• _HOW TO COMPLETE THIS TASK_: Without the pictures, return each record as it appears.

Stored entries:

————

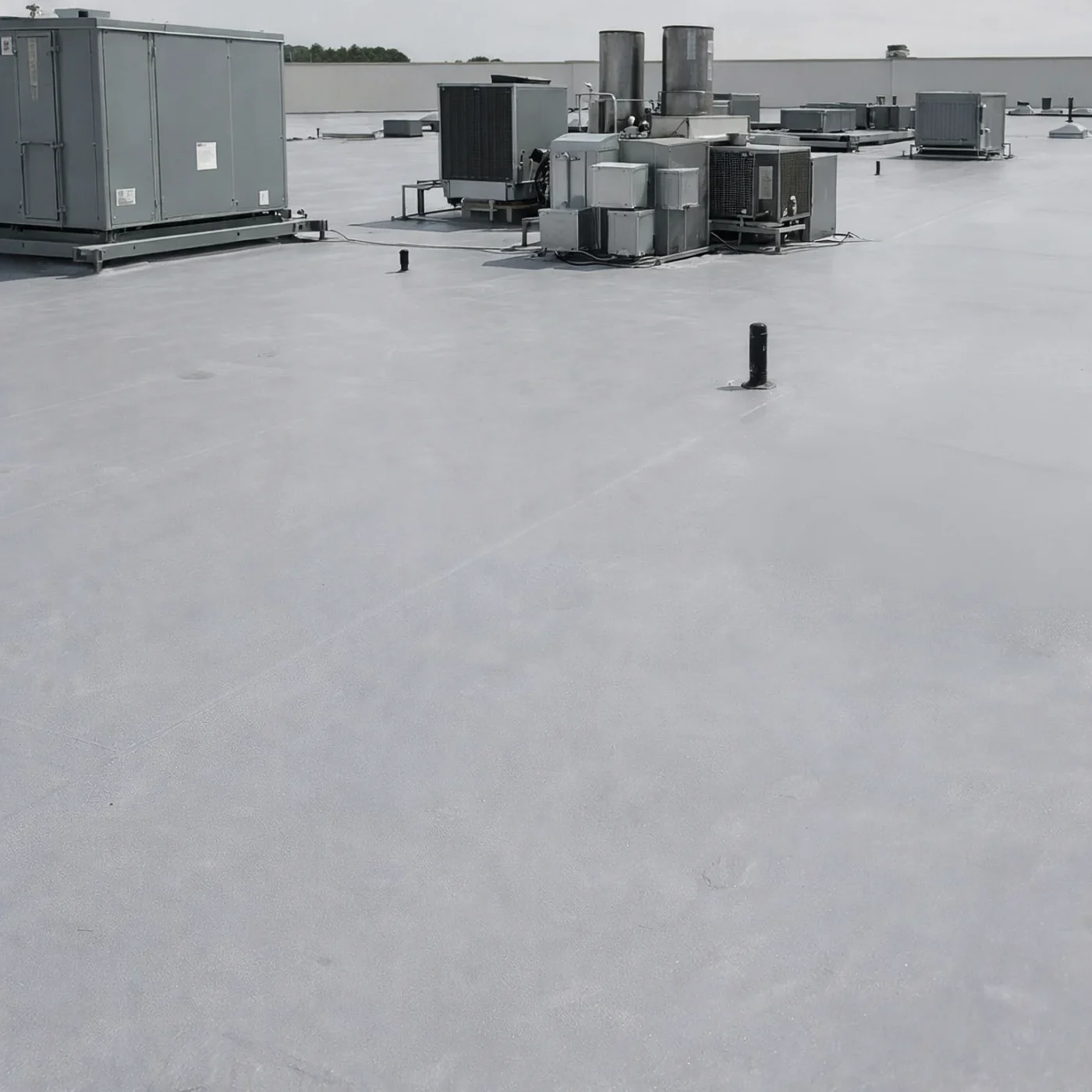 Seamless Commercial Roofing In Newberry, FL | Sentinel Roofing A close-up of a flat roof with a light gray surface. There are multiple pieces of silver machinery visible on the far side of the roof, along with vent pipes and a high wall around the edge.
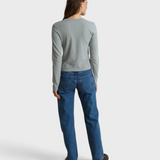 Back view of a woman wearing a JONES + CO griffin grey recycled cotton long sleeve top with blue jeans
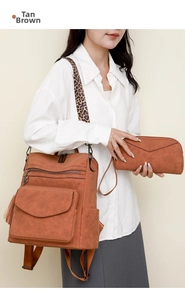 Detail of nubuck brown backpack with tassels, leopard strap and matching clutch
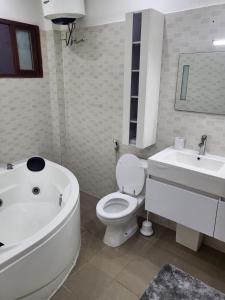 La salle de bains est pourvue d'une baignoire, de toilettes et d'un lavabo. dans l'établissement Appartement à couper de souffle, à Dakar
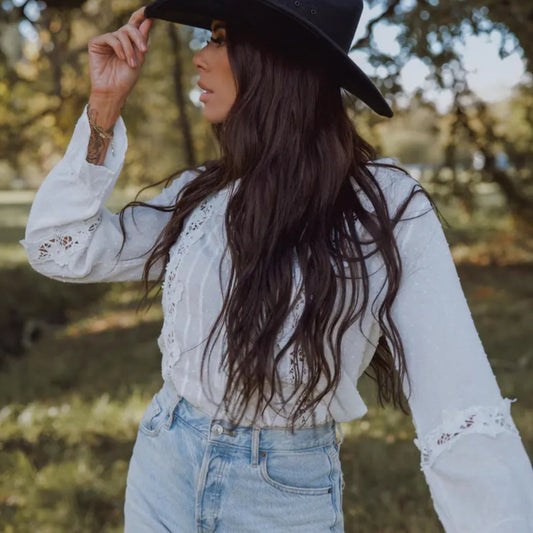 Woman wearing a white blouse with lace details and a black hat outdoors.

————

• _OUTPUT OF THE EXERCISE_:
 Seamless Commercial Roofing In Newberry, FL | Sentinel Roofing A close-up of a flat roof with a light gray surface. There are multiple pieces of silver machinery visible on the far side of the roof, along with vent pipes and a high wall around the edge.
 Back view of a woman wearing a JONES + CO griffin grey recycled cotton long sleeve top with blue jeans
 Detail of nubuck brown backpack with tassels, leopard strap and matching clutch
 La salle de bains est pourvue d'une baignoire, de toilettes et d'un lavabo. dans l'établissement Appartement à couper de souffle, à Dakar
 Woman wearing a white blouse with lace details and a black hat outdoors.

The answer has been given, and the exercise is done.